_Records for this task:_
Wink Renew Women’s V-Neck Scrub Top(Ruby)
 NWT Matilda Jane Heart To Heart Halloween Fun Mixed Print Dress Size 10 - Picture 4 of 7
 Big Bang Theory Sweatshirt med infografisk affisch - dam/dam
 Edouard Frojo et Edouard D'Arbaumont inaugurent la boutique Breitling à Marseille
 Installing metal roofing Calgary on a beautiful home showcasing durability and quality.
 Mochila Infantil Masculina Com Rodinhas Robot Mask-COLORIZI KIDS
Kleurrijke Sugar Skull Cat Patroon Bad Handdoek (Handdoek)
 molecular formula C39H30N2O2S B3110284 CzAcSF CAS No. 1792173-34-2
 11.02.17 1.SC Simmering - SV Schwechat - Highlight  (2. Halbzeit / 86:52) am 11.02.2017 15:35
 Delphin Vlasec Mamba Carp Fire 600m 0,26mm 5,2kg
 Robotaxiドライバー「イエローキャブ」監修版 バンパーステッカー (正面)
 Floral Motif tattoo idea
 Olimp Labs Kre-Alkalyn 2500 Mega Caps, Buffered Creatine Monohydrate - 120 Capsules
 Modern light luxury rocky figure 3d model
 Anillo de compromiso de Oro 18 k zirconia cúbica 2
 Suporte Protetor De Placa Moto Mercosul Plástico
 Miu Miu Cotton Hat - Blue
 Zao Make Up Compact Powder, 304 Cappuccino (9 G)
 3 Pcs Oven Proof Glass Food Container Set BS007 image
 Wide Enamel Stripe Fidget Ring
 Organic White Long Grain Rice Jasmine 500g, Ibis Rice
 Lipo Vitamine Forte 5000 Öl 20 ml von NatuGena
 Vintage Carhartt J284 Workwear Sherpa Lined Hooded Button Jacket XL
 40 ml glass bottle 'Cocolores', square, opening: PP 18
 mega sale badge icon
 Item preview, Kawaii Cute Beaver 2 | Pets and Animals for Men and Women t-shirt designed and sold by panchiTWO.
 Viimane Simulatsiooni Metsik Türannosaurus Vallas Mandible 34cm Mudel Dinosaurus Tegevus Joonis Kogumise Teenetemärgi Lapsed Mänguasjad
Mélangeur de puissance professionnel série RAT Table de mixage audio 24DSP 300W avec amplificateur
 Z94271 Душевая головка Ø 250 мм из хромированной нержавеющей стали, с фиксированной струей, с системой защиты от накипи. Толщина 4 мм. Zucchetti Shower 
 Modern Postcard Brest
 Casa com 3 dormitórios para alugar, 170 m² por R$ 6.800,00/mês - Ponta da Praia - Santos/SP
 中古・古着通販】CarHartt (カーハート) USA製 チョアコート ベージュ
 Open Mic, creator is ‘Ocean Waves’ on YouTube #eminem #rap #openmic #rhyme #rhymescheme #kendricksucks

_What you will do:_
Go through the material above and output exactly the lines from the one containing "Robotaxiドライバー「イエローキャブ」監修版 バンパーステッカー (正面)" through the one containing "Lipo Vitamine Forte".

_Task solution:_
 Robotaxiドライバー「イエローキャブ」監修版 バンパーステッカー (正面)
 Floral Motif tattoo idea
 Olimp Labs Kre-Alkalyn 2500 Mega Caps, Buffered Creatine Monohydrate - 120 Capsules
 Modern light luxury rocky figure 3d model
 Anillo de compromiso de Oro 18 k zirconia cúbica 2
 Suporte Protetor De Placa Moto Mercosul Plástico
 Miu Miu Cotton Hat - Blue
 Zao Make Up Compact Powder, 304 Cappuccino (9 G)
 3 Pcs Oven Proof Glass Food Container Set BS007 image
 Wide Enamel Stripe Fidget Ring
 Organic White Long Grain Rice Jasmine 500g, Ibis Rice
 Lipo Vitamine Forte 5000 Öl 20 ml von NatuGena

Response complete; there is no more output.